* WHAT YOU HAVE TO DO: What you return must match the records exactly, except that the pictures are gone.

* DATA IN THIS EXERCISE:
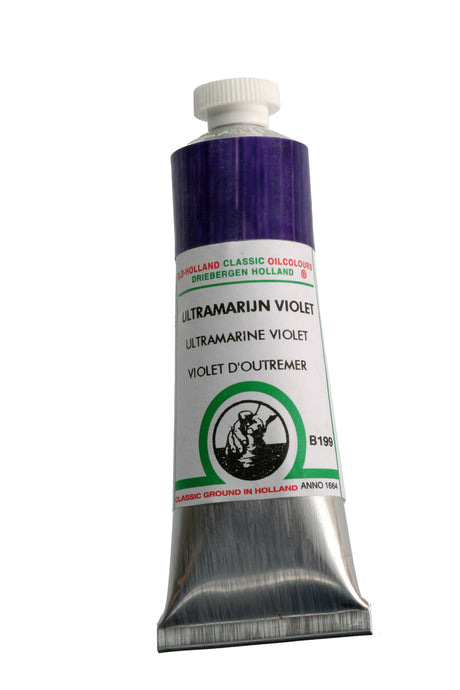 Old Holland Classic Oil Color - Ultramarine Violet 40 ml tube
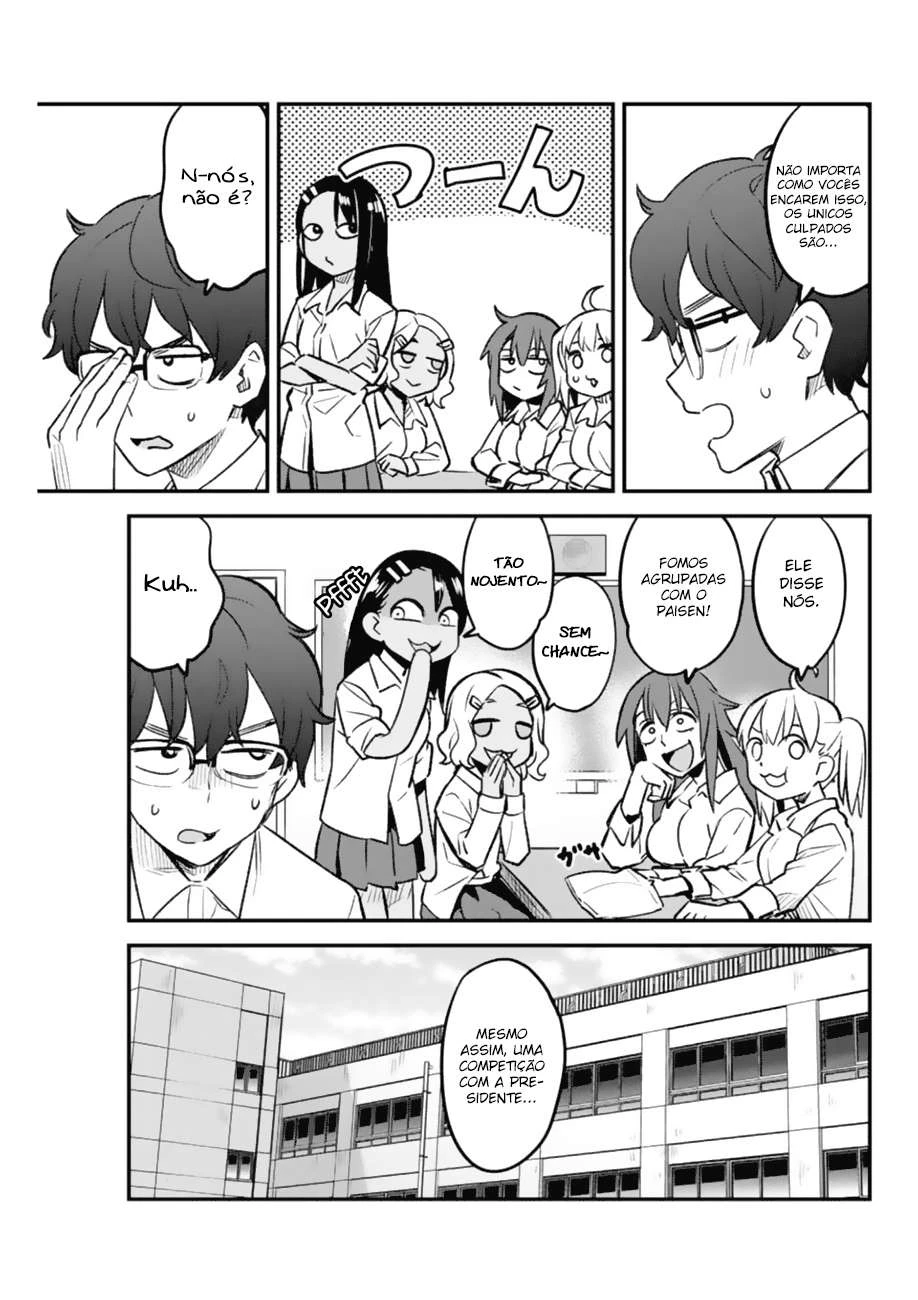 Ijiranaide, Nagatoro-san: Comic Anthology — Cap. 40, pág. 4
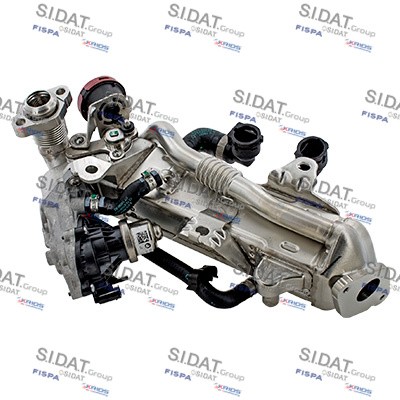 FISPA EGR-modul 83.1987 83.1987 FISPA agr ventil BMW 6-serie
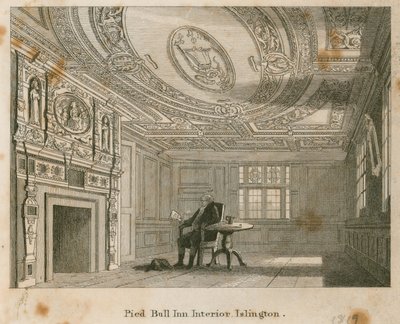 El Viejo Pied Bull, interior de English School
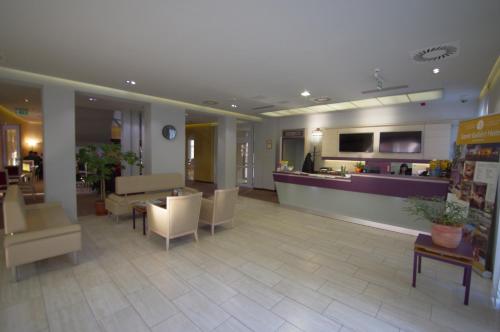 לובי, Szent Gellert Hotel in Szekesfehervar לובי, Szent Gellert Hotel in Szekesfehervar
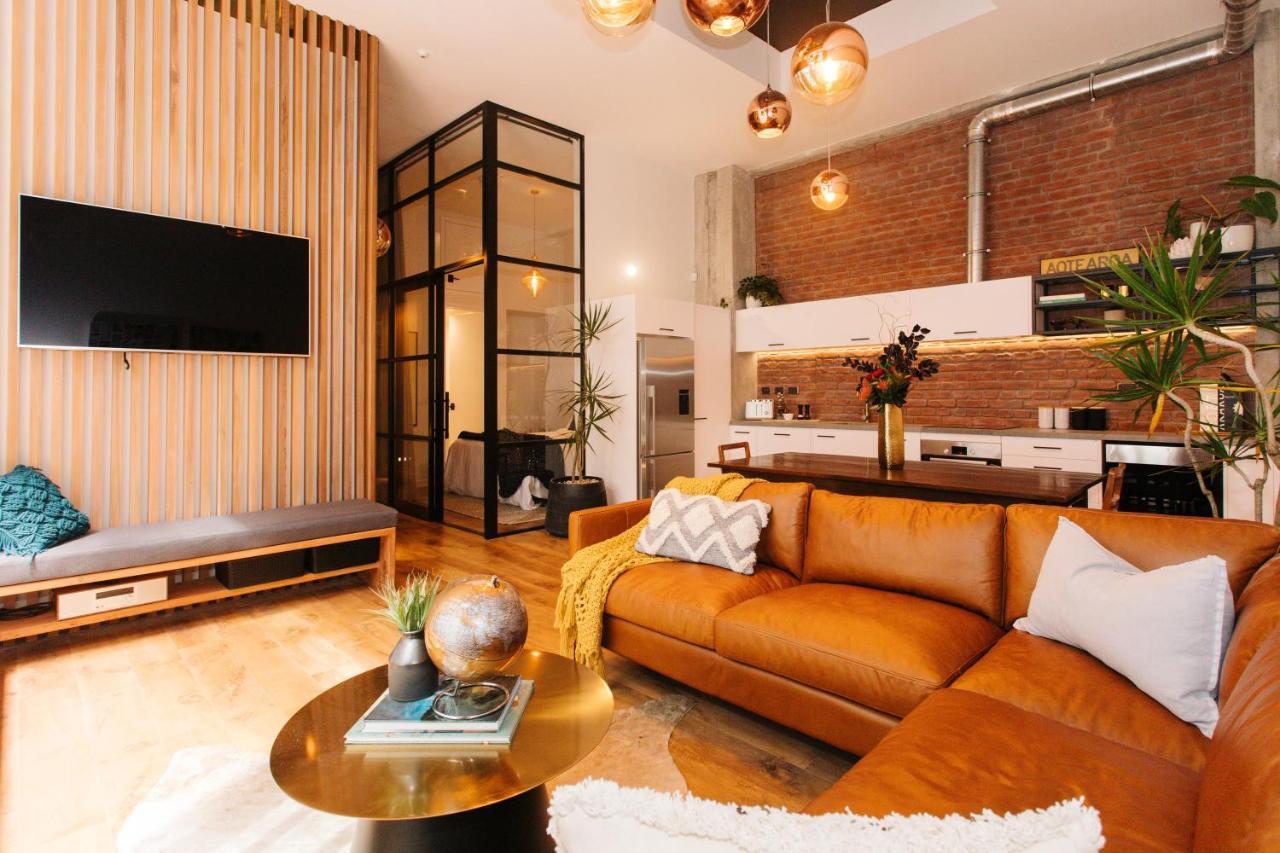 Anzac South Loft - 4 Bedrooms & 2 Free Car Parks Auckland Exterior foto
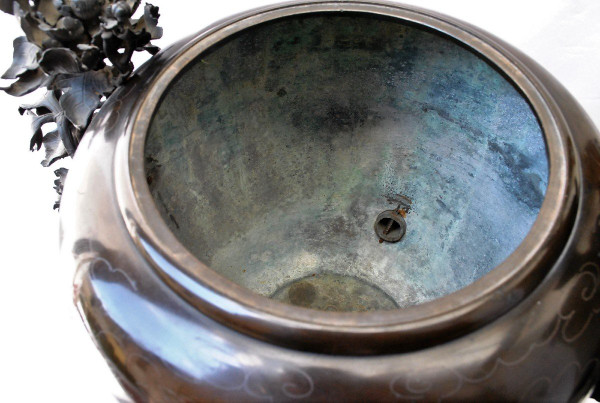 Bronzebrunnen, Meiji, Japan, 19. Jahrhundert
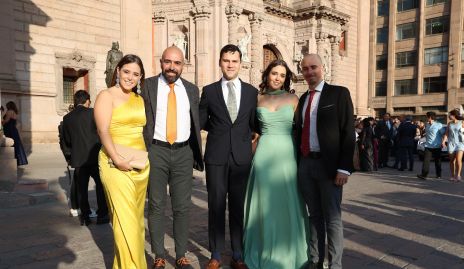  Ingrid De Luna, Germán De Luna, Cynthia De Luna y Germán De Luna.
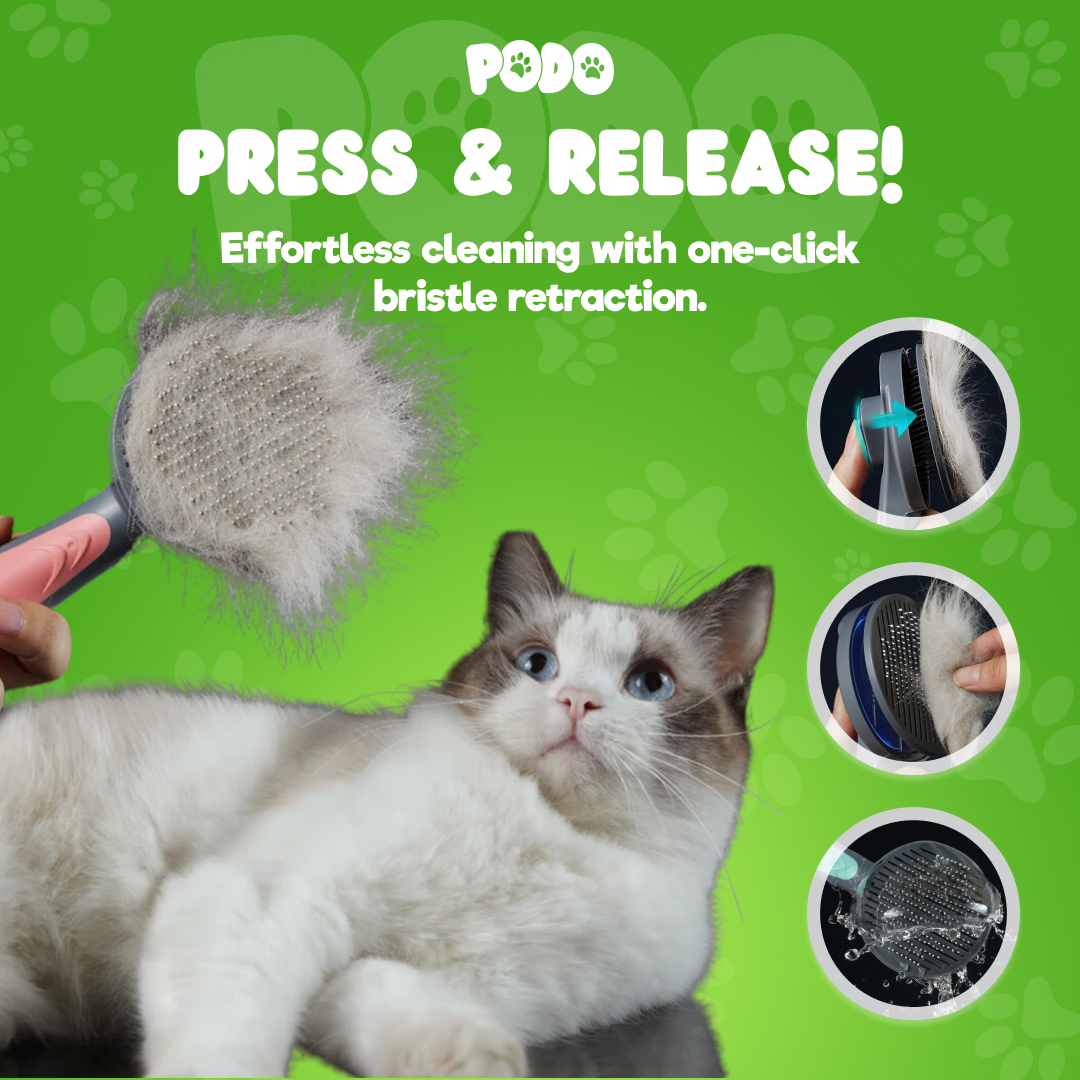 PODO GentleTouch Pet Grooming Comb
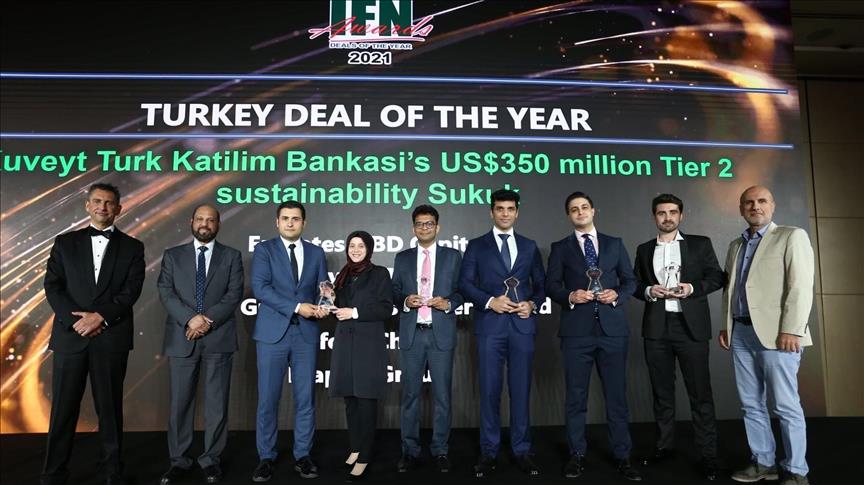Kuveyt Türk'ün Global Sürdürülebilir Tier 2 Sermaye Benzeri Sukuk İhracı'na IFN'den ödül
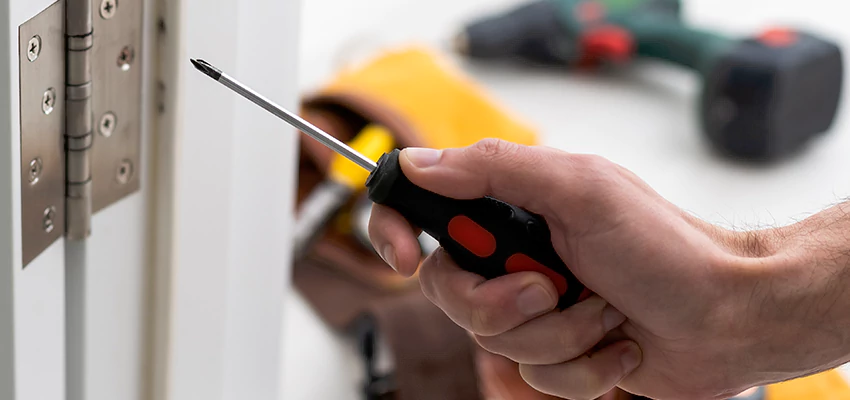 Fix A Broken Door Hole in Maywood, California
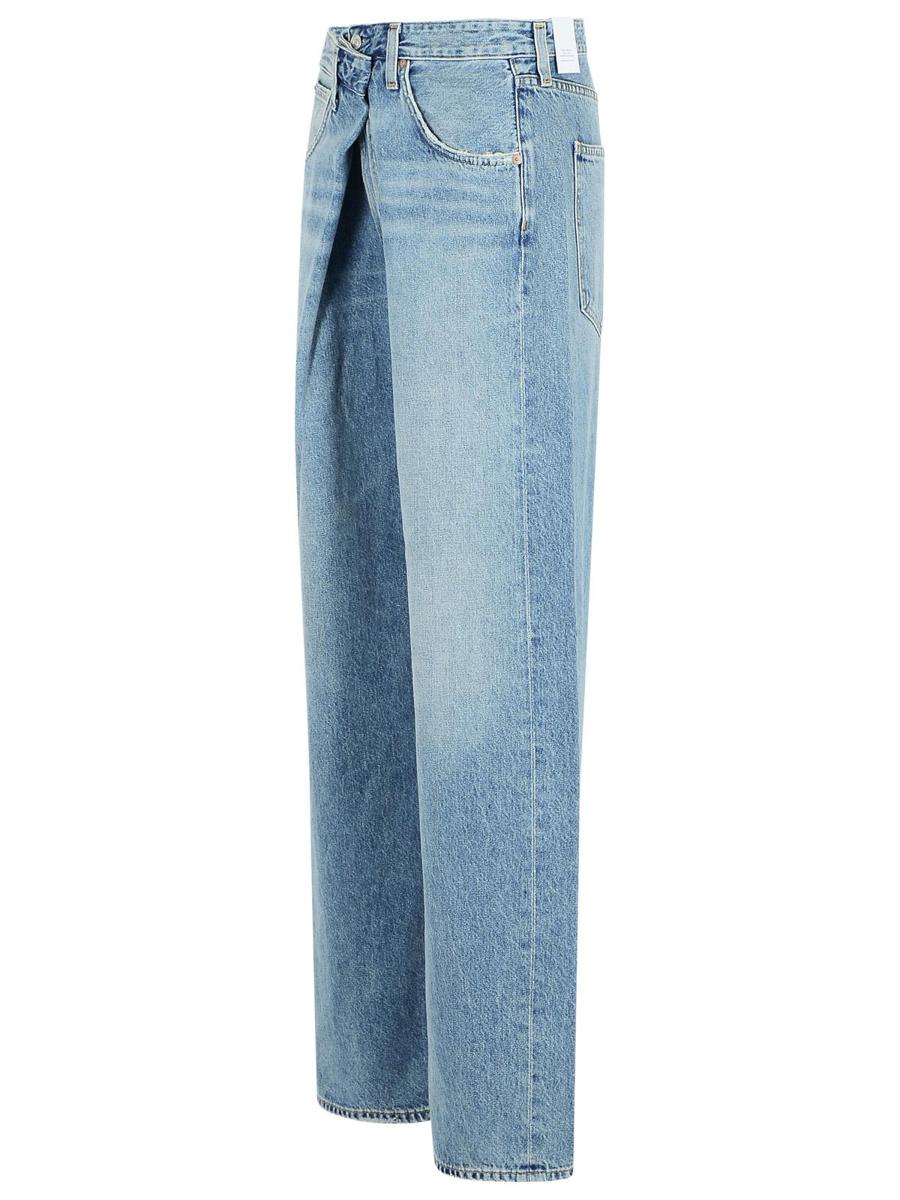 Agolde 'Vana' Blue Denim Jeans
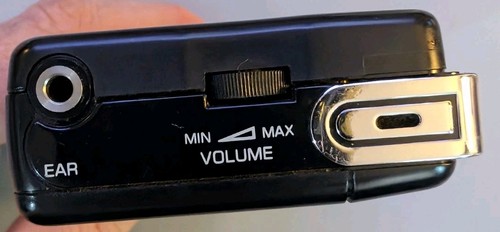 Microcassette recorder - ge,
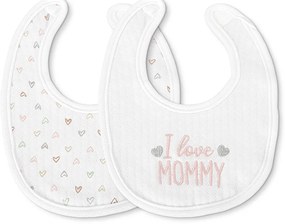 LORELLI ΣΕΤ ΣΑΛΙΑΡΕΣ 2 ΤΕΜ ΜΕ VELCRO ΥΦΑΣΜΑΤΙΝΕΣ PINK 10260280003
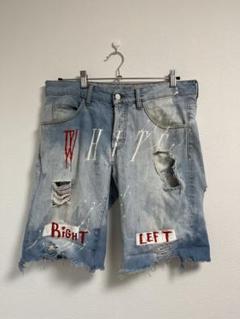 CVTVLIST×Off-White　オーダー品ショートパンツ CVTVLIST×Off-White オーダー品ショートパンツ - メルカリ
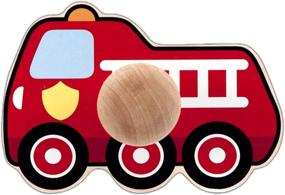 img 1 attached to 🚗 Melissa & Doug Wooden Vehicles Puzzle: Enhance Your Child's Playtime and Skills!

* EXERCISE OUTPUT:
 Old Holland Classic Oil Color - Ultramarine Violet 40 ml tube
 Ijiranaide, Nagatoro-san: Comic Anthology — Cap. 40, pág. 4
 FISPA EGR-modul 83.1987 83.1987 FISPA agr ventil BMW 6-serie
 El Viejo Pied Bull, interior de English School
 לובי, Szent Gellert Hotel in Szekesfehervar לובי, Szent Gellert Hotel in Szekesfehervar
 Anzac South Loft - 4 Bedrooms & 2 Free Car Parks Auckland Exterior foto
 Bronzebrunnen, Meiji, Japan, 19. Jahrhundert
  Ingrid De Luna, Germán De Luna, Cynthia De Luna y Germán De Luna.
 PODO GentleTouch Pet Grooming Comb
Kuveyt Türk'ün Global Sürdürülebilir Tier 2 Sermaye Benzeri Sukuk İhracı'na IFN'den ödül
 Fix A Broken Door Hole in Maywood, California
 Agolde 'Vana' Blue Denim Jeans
 Microcassette recorder - ge,
 LORELLI ΣΕΤ ΣΑΛΙΑΡΕΣ 2 ΤΕΜ ΜΕ VELCRO ΥΦΑΣΜΑΤΙΝΕΣ PINK 10260280003
 CVTVLIST×Off-White　オーダー品ショートパンツ CVTVLIST×Off-White オーダー品ショートパンツ - メルカリ
 img 1 attached to 🚗 Melissa & Doug Wooden Vehicles Puzzle: Enhance Your Child's Playtime and Skills!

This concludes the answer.